● What the exercise asks:
From the material below, copy exactly the lines beginning with the one that contains "HEART CHAKRA PRACTICE" and ending with the one that contains "Desde prisión, Lula"; the pictures stay out.

● Material provided:
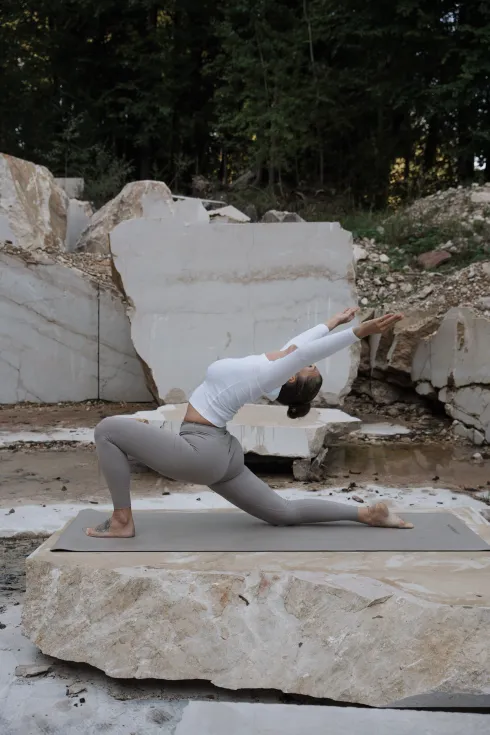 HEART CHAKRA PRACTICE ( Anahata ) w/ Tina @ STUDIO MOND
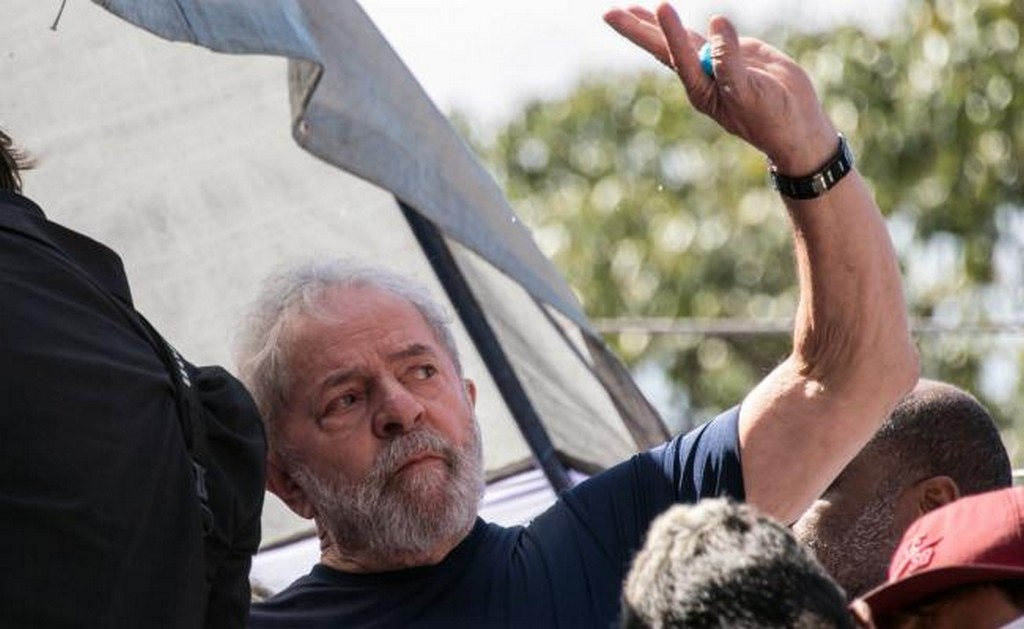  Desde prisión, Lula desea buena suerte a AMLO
---
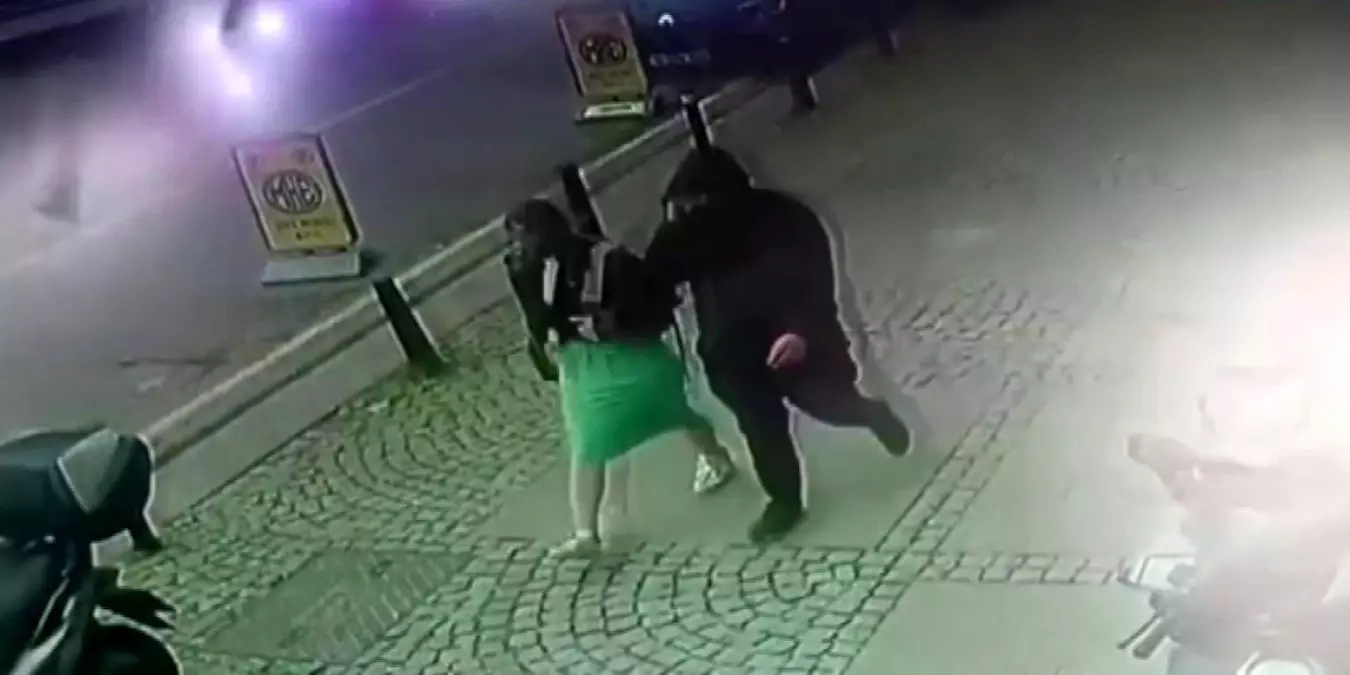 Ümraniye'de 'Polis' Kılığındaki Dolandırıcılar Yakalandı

● Solution below:
 HEART CHAKRA PRACTICE ( Anahata ) w/ Tina @ STUDIO MOND
  Desde prisión, Lula desea buena suerte a AMLO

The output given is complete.